Chromatin Conformation. Another approach to identifying target genes is identifying contact between GWAS variants and the promoters and transcription start sites of target genes by using chromatin conformation assays. Assays such as 3C, Hi-C, and Capture-C identify physical interactions and loops in the genome,⁹⁸^,⁹⁹ and these interactions can differ by cell and tissue type. Locus-specific assays can be performed to test interactions between GWAS variant regions and promoters of nearby target genes.¹⁰⁰^,¹⁰¹^,¹⁰²^,¹⁰³ Genome-wide datasets can be used as a resource for detecting the physical interactions between GWAS variants and nearby gene promoters or established enhancers. Genome-wide chromatin conformation datasets have been generated in multiple cell types¹⁰⁴^,¹⁰⁵^,¹⁰⁶ and can be visualized with tools such as the 3D Genome Browser,¹⁰⁷ the Hi-C Unifying Genomic Interrogator (HUGIn),¹⁰⁸ or Juicebox.¹⁰⁹ Resolution of the chromosomal regions involved in the interaction depends on the assay and/or sequencing depth.¹⁰⁵^,¹¹⁰ Cell type is an important consideration given that chromatin conformation assays identify active regulatory elements, which can differ between cell types. Limitations of using chromatin contacts to identify candidate genes are that significance thresholds are not well established, the strategy is uninformative when the candidate variants are located in close proximity to a target gene as a result of the large number of chance contacts between adjacent genome sites, chromatin loops can be general mechanisms of gene regulation and not relevant to GWAS mechanisms, and physical interaction of chromatin does not guarantee a consequence of that interaction.

Coding Variation. Coding variants in genes that are associated with a complex disease or trait can point to target genes at a locus. Numerous resources exist for annotating variants as nonsense, frameshift, and splice altering, all of which are expected to lead to loss of function of a gene,¹¹¹ and for predicting which missense variants are most likely to alter protein function according to evolutionary, biochemical, and structural information. In addition, multiple, typically rare, coding variants can independently associate with the same phenotype as a GWAS signal. For example, at a GWAS locus for type 2 diabetes, a study of coding variants in multiple populations identified 12 rare protein-truncating variants in SLC30A8 (MIM: 611145), associated with decreased disease risk,¹¹² and of 31 rare (MAF < 1%) coding or splice-site variants newly identified to be independently associated with hematological traits, 30 mapped to loci previously implicated in hematopoiesis by GWASs.¹¹³ However, coding variants are not necessarily causal and can be in LD with variants affecting other genes.¹¹⁴^,¹¹⁵ When mechanistic consequences are considered, coding variants located at GWAS loci can help recognize biologically relevant genes.

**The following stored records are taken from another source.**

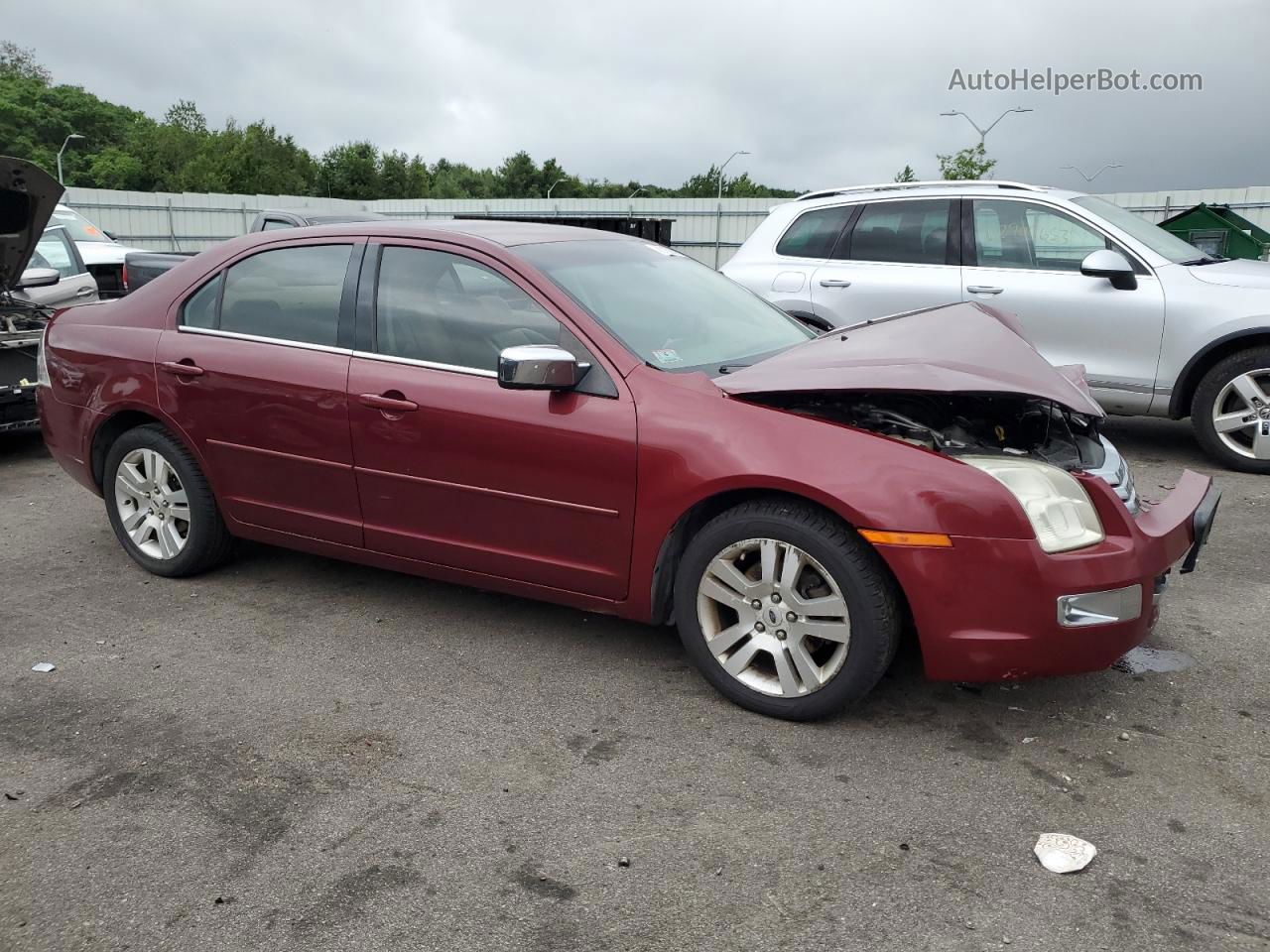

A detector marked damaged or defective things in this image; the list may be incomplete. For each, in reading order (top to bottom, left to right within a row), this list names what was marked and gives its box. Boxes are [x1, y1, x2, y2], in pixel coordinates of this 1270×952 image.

crumpled hood [0, 157, 62, 293]
crumpled hood [1183, 257, 1270, 291]
crumpled hood [721, 302, 1107, 418]
damaged front bumper [878, 472, 1213, 685] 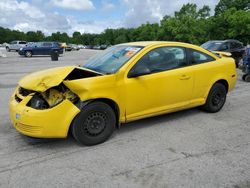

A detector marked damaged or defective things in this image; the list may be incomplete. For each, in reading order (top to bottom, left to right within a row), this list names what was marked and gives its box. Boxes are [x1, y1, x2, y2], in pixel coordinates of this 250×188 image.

Functional Studies. Functional studies of genes at GWAS loci can provide insight into target genes. Studies including overexpression, knockdown, or knockout of a target gene in cells or model organisms with the use of plasmids, viruses, oligos, or CRISPR-Cas9 approaches can point to genes with relevant biology.¹¹⁶ For example, functional studies in mice identified a role of CDKAL1 (MIM: 611259) in insulin secretion, and variants near CDKAL1 are associated with type 2 diabetes.¹¹⁷ Studies of gene function can provide insight into the biochemical pathways, protein interactions, and relevant cell or tissue types. Of note, whereas recapitulating some phenotypes in model systems is straightforward, recapitulating many others, especially neurological phenotypes, is very difficult. Deletion or substitution of a noncoding region containing candidate variants and subsequent analysis of gene expression and/or function can also point to target genes.⁴⁶^,⁴⁷ Another approach is to epigenetically alter a regulatory element by using a “dead” Cas9 with no nuclease activity tethered to an “epigenetic switch” consisting of chromatin modifying domains to mimic either an enhancer or a repressor.¹⁰³^,¹¹⁶ Studies in human cells are of particular interest when a gene function is cell autonomous, and experiments in model organisms are especially informative when the biological process or pathway and disease context is well represented in the organism.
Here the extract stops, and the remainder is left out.